Warum Perimenopause oft übersehen wird, welche Folgen das hat und weshalb Wissen über Wechseljahre noch immer eine Lücke im Gesundheitssystem ist.
Wenn ein Arzt nicht weiss, dass die hormonelle Umstellung bereits ab Mitte Dreissig beginnt, führt das dazu, dass die eigentlichen Ursachen jahrelang übersehen werden. Dieser Satz ist leider weit verbreitet und falsch:
„Für die Wechseljahre sind Sie noch zu jung.“
Denn die Wechseljahre beginnen nicht erst mit der letzten Blutung. Das wäre die Menopause, die ein Jahr nach der letzten Blutung beginnt. Die hormonelle Umstellung kann bereits Mitte oder Ende dreissig einsetzen. Diese Phase nennt sich Perimenopause, und sie verläuft selten geradlinig. Hormone schwanken, manchmal stark, manchmal kaum spürbar, aber fast immer mit Auswirkungen auf Körper und Psyche.
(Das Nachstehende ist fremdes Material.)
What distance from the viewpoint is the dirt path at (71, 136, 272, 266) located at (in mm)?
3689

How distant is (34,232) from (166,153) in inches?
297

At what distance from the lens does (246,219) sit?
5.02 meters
Viele Frauen merken zuerst kleine Veränderungen: schlechter Schlaf, plötzliche Erschöpfung, innere Unruhe, Vergesslichkeit, Reizbarkeit, depressive Verstimmung oder Konzentrationsprobleme. Manche beschreiben es als Gefühl, sich selbst ein Stück weit zu verlieren, ohne erklären zu können warum.
Warum hilft mir keiner?
Die Wechseljahre sind bis heute ein Thema, das in der medizinischen Ausbildung nur am Rand vorkommt. Viele Ärzt:innen haben während ihres Studiums nicht gelernt, wie vielfältig hormonelle Veränderungen bei Frauen sein können. Entsprechend werden Symptome häufig einzeln behandelt statt im Zusammenhang gesehen.
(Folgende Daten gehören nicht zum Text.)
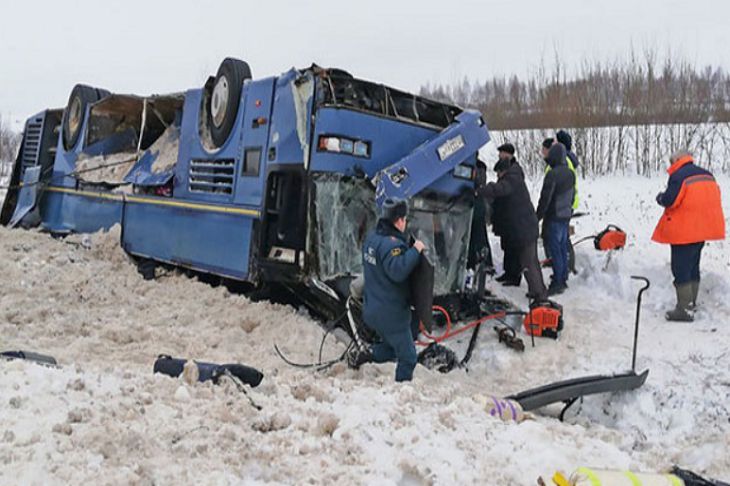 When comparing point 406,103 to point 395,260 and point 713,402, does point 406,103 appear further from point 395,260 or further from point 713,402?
point 713,402

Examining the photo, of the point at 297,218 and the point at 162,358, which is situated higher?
the point at 297,218

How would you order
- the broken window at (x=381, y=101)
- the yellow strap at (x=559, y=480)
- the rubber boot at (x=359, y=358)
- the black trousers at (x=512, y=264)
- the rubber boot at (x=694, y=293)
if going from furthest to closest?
the black trousers at (x=512, y=264) < the rubber boot at (x=694, y=293) < the broken window at (x=381, y=101) < the rubber boot at (x=359, y=358) < the yellow strap at (x=559, y=480)

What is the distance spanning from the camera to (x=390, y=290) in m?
4.92

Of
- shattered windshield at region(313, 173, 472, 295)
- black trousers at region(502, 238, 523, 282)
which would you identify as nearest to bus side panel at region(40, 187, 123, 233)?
shattered windshield at region(313, 173, 472, 295)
So beginnt für viele Frauen eine lange Suche nach Antworten. Studien und Erfahrungsberichte zeigen, dass Betroffene oft drei bis fünf Ärzt:innen aufsuchen, bevor Wechseljahresbeschwerden überhaupt als mögliche Ursache erkannt werden. Das kostet nicht nur Geld, sondern auch Zeit und Nerven.Dabei sprechen wir nicht über ein Randphänomen. Jede vierte Frau erlebt Beschwerden, die ihren Alltag deutlich beeinflussen können.
Die Liste möglicher Symptome ist lang: Hitzewallungen und Nachtschweiss sind nur die bekanntesten. Hinzu kommen Schlafstörungen, Müdigkeit, Gelenk- und Muskelschmerzen, Stimmungsschwankungen, depressive Verstimmungen, Brain Fog, urogenitale Beschwerden oder plötzlich sinkende Belastbarkeit. Viele dieser Veränderungen wirken zunächst unspezifisch und werden deshalb selten sofort miteinander verbunden.
Die wichtigste Botschaft: Du bist nicht „zu jung“, du bist früher dran als das alte Narrativ. Und dein Körper verdient eine Antwort, keine Vertröstung.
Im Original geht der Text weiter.